I would argue that the most important inference algorithm to learn about to get practical intuitions is belief propagation. There are others who would argue for monte carlo algorithms, like MCMC (monte carlo markov chain). You may want to learn both, to form your own opinion (and of course, there are many more algorithms beyond this which you may want to learn, in order to gain more connections so your knowledge of the field sticks, and gain more insights). Belief prop and MCMC are more or less the first two algorithms people thought of; there are a lot of newer developments, but they’re largely elaborations.

Here is what I claim you can get out of it, through careful study:

  • Understanding how bayesian networks define probability distributions, and how probabilities spread through the network via belief propagation, makes your understanding of Bayes’ theorem and probability theory in general much more “load bearing”—so it’ll break under the strain if it isn’t solid (which is a good thing).

  • It’ll give you a useful fake model of what you’re doing when you’re thinking. Global Bayesian updates don’t just happen; they result from (something like) local updates which you have to spread across your web of beliefs, partly through conscious attention and cogitation.

  • It’s also a useful analogy for aspects of group epistemics, like avoiding double counting as messages pass through the social network.

  • The messages which pass between nodes in belief prop fall into two types: probabilities and likelihoods. This is a deep truth; it’s the “dimensional analysis” of probabilistic reasoning. Several cognitive biases can be seen as confusion between probabilities and likelihoods, most centrally base-rate neglect.
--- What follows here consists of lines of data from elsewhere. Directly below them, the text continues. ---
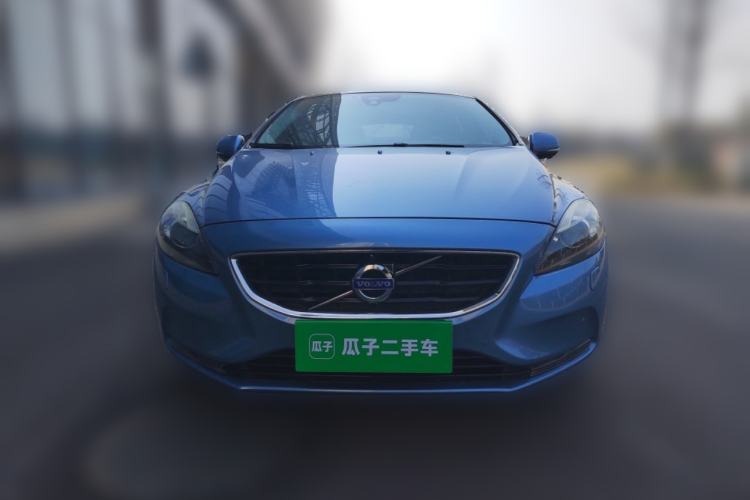 Used Volvo V40 2015 1.6T Zhiya Edition Front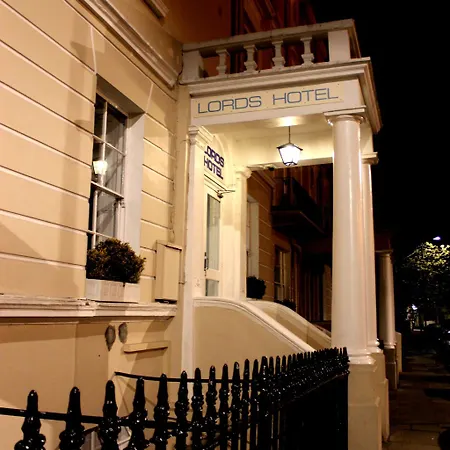 Lords Hotel 2*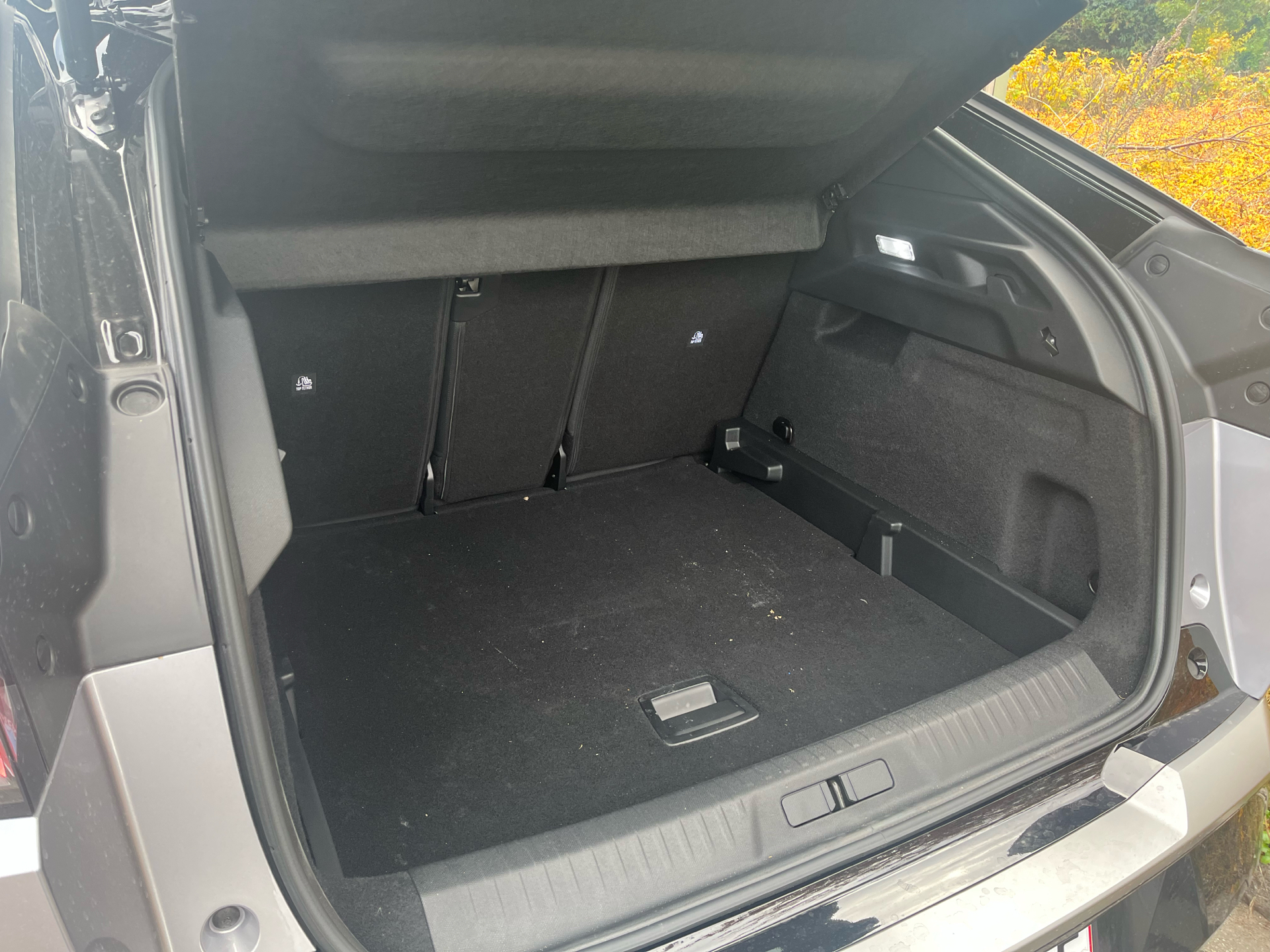 Billede af Peugeot e-3008 EL GT Pack 210HK 5d Aut.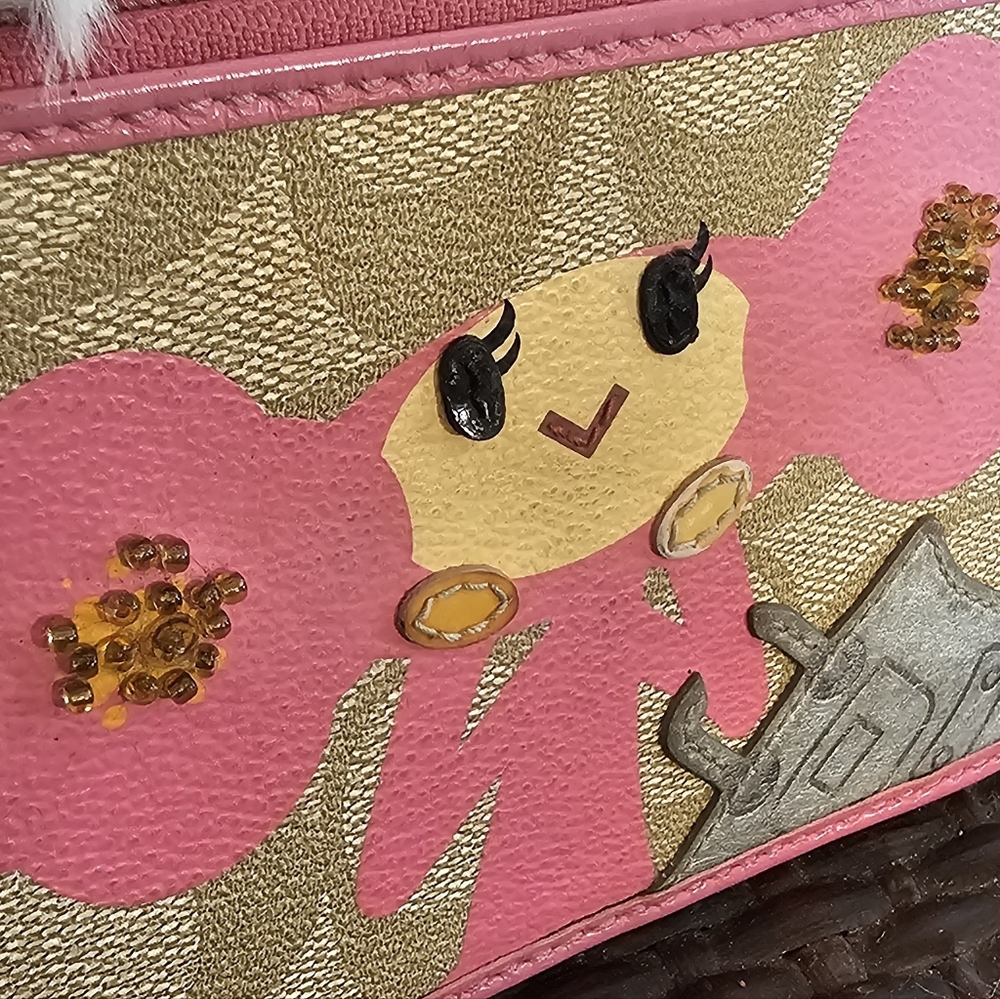 RARE Coach Poppy "Pinky Chan" Limited Edition Wristlet/Coin Purse - Picture 8 of 8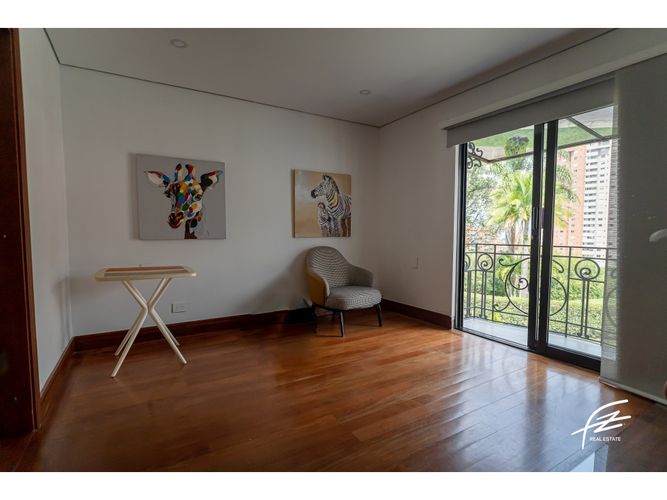 Casa de 6 alcobas en venta en El Poblado, Medellín, 456 m² · foto 6 de 24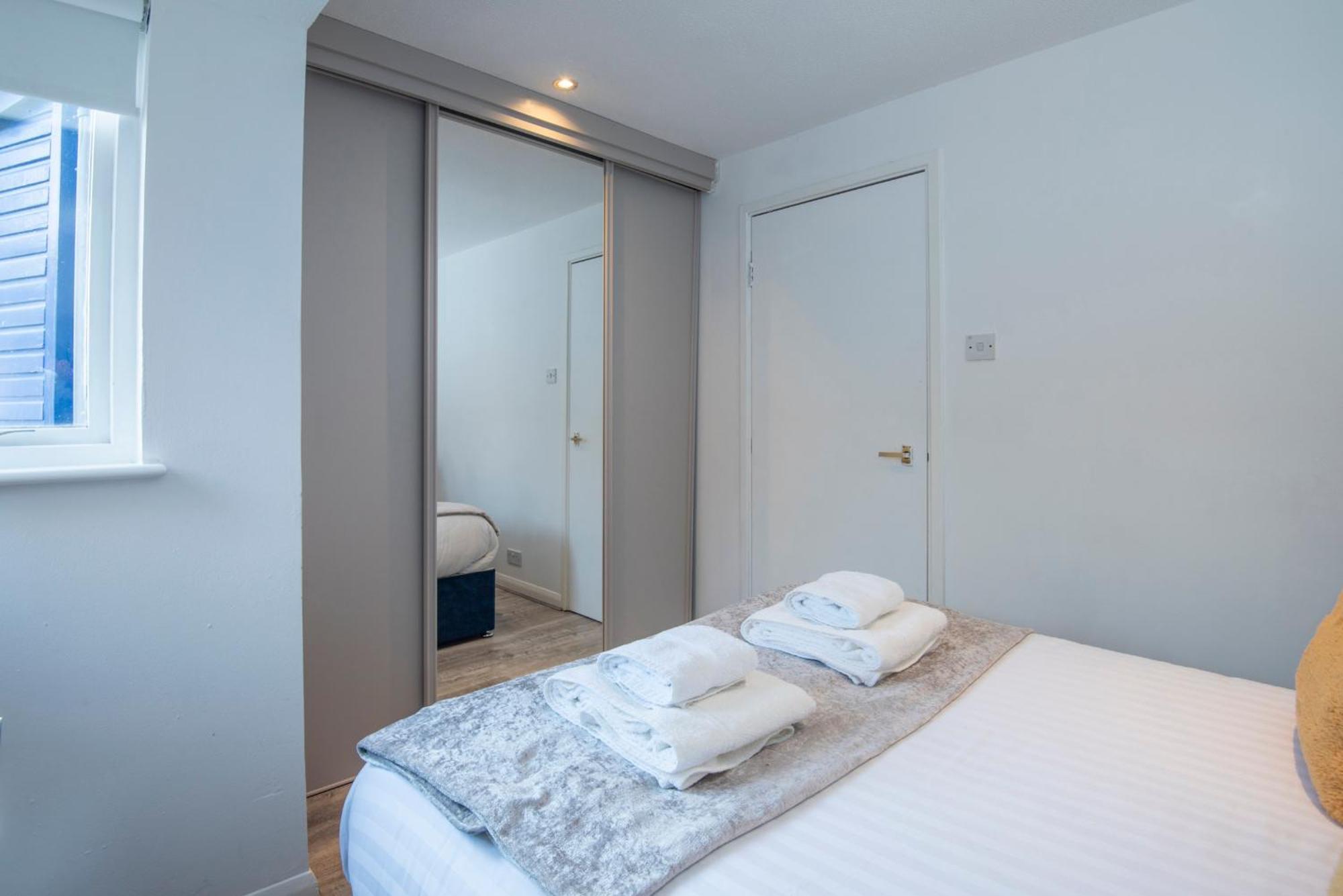 Apartment 2 Bed Town House With Garden In Hackney, *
  • Understanding probability vs likelihood messages also gives a nice general understanding of the way “prior” and “posterior” are local ideas which only make sense with respect to a “frame of reference”.

  • Bayesian networks also lay the foundation for a formal understanding of causality, if that’s something you’re interested in.

I think the best thing to read, to get up to speed, is the first four chapters of Pearl’s Probabilistic Reasoning in Intelligent Systems. It’s the original source; Pearl didn’t invent everything, but he invented a lot, and he’s the first who put it all together. There are better modern introductions for people who want to apply bayesian networks in machine learning, but because Pearl was writing at a time when the use of probability theory was not widely accepted in artificial intelligence, he goes into the philosophy of the subject in a way newer sources don’t. I think this is good for the LessWrong audience.

It would be even better, of course, if someone were to write a sequence explaining everything from a more specifically LessWrong perspective, drawing out the implications I mentioned above. Alas, I don’t have that much time to spend on writing (which is to say, I have other higher-value things to do, in my current estimation).

One might also derive a more general lesson on the relevance of algorithms to rationality, and go read Artificial Intelligence: A Modern Approach as a rationality textbook.